RECORD EXCERPTS
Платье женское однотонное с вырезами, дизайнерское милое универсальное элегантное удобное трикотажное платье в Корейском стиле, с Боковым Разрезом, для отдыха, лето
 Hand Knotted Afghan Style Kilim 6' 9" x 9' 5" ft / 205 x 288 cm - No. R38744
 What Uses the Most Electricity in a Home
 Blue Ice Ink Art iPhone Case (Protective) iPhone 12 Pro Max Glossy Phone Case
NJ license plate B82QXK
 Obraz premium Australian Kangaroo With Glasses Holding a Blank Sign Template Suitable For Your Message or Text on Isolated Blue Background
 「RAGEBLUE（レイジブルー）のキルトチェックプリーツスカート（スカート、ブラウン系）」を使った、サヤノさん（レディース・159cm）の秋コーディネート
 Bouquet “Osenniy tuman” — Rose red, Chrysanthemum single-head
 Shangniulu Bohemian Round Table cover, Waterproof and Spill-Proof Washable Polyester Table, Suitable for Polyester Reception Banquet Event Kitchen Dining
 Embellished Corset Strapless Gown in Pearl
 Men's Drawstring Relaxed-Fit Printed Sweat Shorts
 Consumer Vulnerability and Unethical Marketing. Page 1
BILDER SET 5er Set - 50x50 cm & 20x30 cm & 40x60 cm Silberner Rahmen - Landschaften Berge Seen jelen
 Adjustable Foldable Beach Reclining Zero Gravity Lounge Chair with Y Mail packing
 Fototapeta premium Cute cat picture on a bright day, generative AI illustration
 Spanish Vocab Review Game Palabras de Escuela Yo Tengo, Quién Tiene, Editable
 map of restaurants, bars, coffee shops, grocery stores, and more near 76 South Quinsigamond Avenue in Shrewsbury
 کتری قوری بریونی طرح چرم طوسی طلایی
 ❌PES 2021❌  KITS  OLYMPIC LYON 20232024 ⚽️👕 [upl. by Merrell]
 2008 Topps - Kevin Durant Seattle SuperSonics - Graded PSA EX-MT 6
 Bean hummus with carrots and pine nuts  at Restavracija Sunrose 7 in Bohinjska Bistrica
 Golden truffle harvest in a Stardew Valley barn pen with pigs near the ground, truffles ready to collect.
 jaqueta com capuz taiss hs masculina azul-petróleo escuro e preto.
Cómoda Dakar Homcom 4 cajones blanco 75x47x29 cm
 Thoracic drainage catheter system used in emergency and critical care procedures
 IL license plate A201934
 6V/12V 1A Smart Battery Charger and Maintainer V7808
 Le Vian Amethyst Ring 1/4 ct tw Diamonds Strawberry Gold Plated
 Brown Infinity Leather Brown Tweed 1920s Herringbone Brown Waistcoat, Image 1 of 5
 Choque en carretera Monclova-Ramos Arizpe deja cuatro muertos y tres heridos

PROMPT
Everything above from the line containing "Blue Ice Ink" through the line containing "2008 Topps - Kevin" must be copied exactly. Nothing outside that range belongs in the answer.

TASK OUTPUT
 Blue Ice Ink Art iPhone Case (Protective) iPhone 12 Pro Max Glossy Phone Case
NJ license plate B82QXK
 Obraz premium Australian Kangaroo With Glasses Holding a Blank Sign Template Suitable For Your Message or Text on Isolated Blue Background
 「RAGEBLUE（レイジブルー）のキルトチェックプリーツスカート（スカート、ブラウン系）」を使った、サヤノさん（レディース・159cm）の秋コーディネート
 Bouquet “Osenniy tuman” — Rose red, Chrysanthemum single-head
 Shangniulu Bohemian Round Table cover, Waterproof and Spill-Proof Washable Polyester Table, Suitable for Polyester Reception Banquet Event Kitchen Dining
 Embellished Corset Strapless Gown in Pearl
 Men's Drawstring Relaxed-Fit Printed Sweat Shorts
 Consumer Vulnerability and Unethical Marketing. Page 1
BILDER SET 5er Set - 50x50 cm & 20x30 cm & 40x60 cm Silberner Rahmen - Landschaften Berge Seen jelen
 Adjustable Foldable Beach Reclining Zero Gravity Lounge Chair with Y Mail packing
 Fototapeta premium Cute cat picture on a bright day, generative AI illustration
 Spanish Vocab Review Game Palabras de Escuela Yo Tengo, Quién Tiene, Editable
 map of restaurants, bars, coffee shops, grocery stores, and more near 76 South Quinsigamond Avenue in Shrewsbury
 کتری قوری بریونی طرح چرم طوسی طلایی
 ❌PES 2021❌  KITS  OLYMPIC LYON 20232024 ⚽️👕 [upl. by Merrell]
 2008 Topps - Kevin Durant Seattle SuperSonics - Graded PSA EX-MT 6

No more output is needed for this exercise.